Thanks to them, binary driver are being improved, and even the opensource stack (the Intel driver is officially opensource, and AMD officially supports opensource efforts in addition to their own in-house binary drivers. All these based on the same standart Linux infrastructure) has seen an increased pace of development (among other Valve is responsible of adding several debugging related extension to Gallium 3D, paving the way for future OpenGL 4.x).

And these efforts do indeed pay back: Source engine with an opengl back-end is much faster than with direct3d... even on windows.

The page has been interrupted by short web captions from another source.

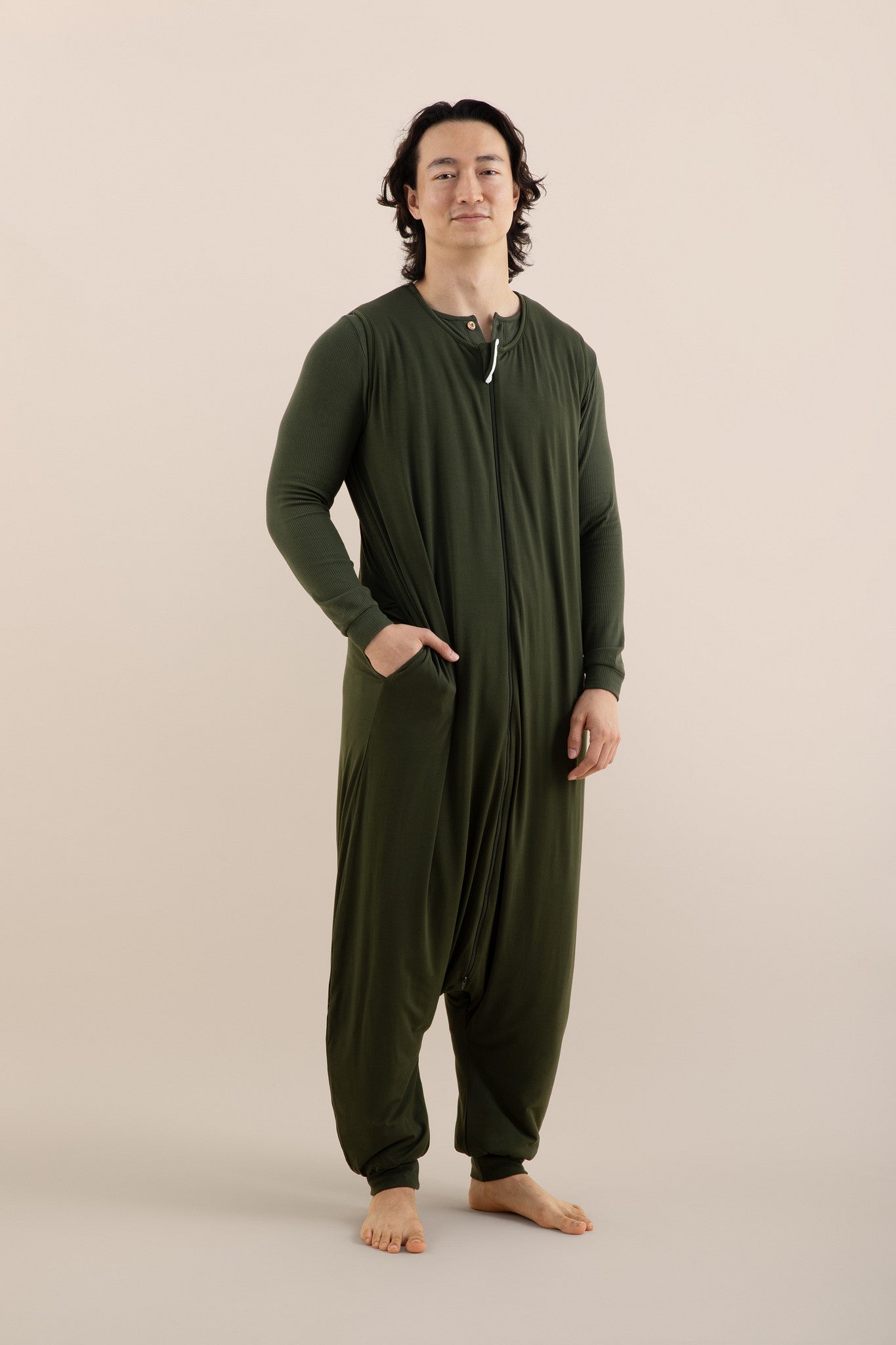 Male model wearing the Adult Sleep Bag Walker in Fir with one hand in the pocket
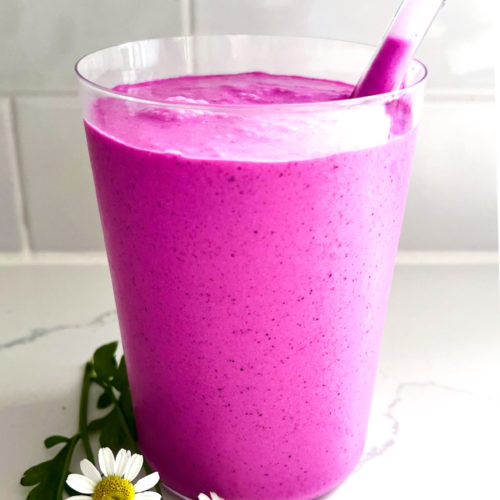 A vibrant purple Dragon Fruit Smoothie in a transparent glass with a clear straw is placed on a white marble surface. Three small white daisies with yellow centers and green leaves rest beside the glass, adding charm to this healthy and easy treat. The background features white subway tiles.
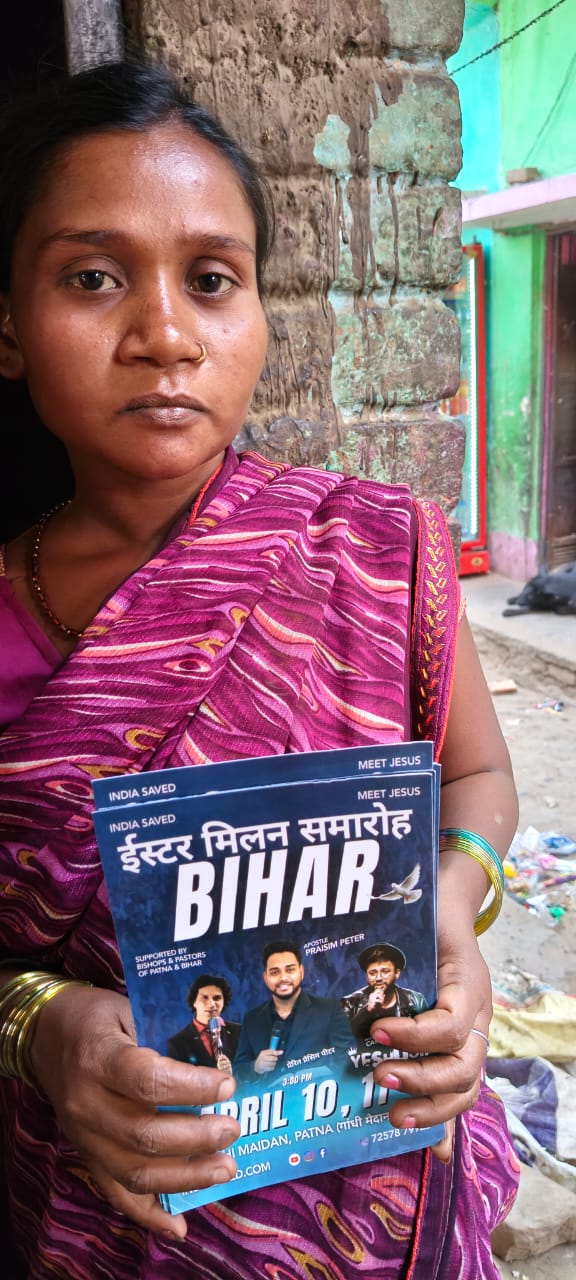Bihar community member holding revival invitation flyer 3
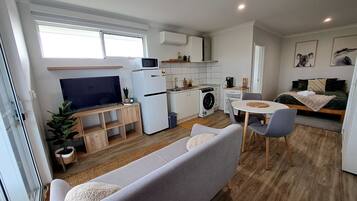 A compact living space with a kitchenette, a sofa, a dining table, and a TV.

The Android convergence was about bringing the specificities needed to run android userland back into the main kernel tree, instead of a special separate fork.
(e.g.: Among other, Android uses some special type of IPC)
Since recent kernel (was it 3.5? 3.6? memory fails me) these modifications are back into the main tree.
So, today, *as long as the hardware is supported*, you can run Android using any modern kernel. (for example: there are some interesting experiment of having both Ubuntu and Android running on the same ARM device using the same kernel)

Linaro is about the rest, about the "as long as the hardware is supported" part. As said above by godrik:

As I've explained elsewhere in this topic, this has lead in the past to a situation where every single ARM machine has a seprate monolithic patch which was custom-written in one shot by the machine maker.

The point of Linaro is to bring some discipline in this, bring cooperation between all makers & developpers, and help modularize all this into small independent component.
So when the next machine comes to the market, instead of writing yet another new monolithic patch completely from scratch, as much work as possible can be leveraged from what already exist.
And the other way around: when a new kernel version comes, instead of having to port several thousand different monolithic patches (which never happens. end-users are always stuck with hardware specific versions), it will be easier to just maintain the few modules affected by the update changes.

When both are combined, that means it'll be incedibly easy to use Android on as many devices as possible. For the manufacturer, that's a no-brain choice. The mainline kernel contains everything needed to run android, and contains a lot that can be leveraged to support the hardware. Either write just a few new needed drivers, or even better (if you're lucky) only write new settings for some generic hardware.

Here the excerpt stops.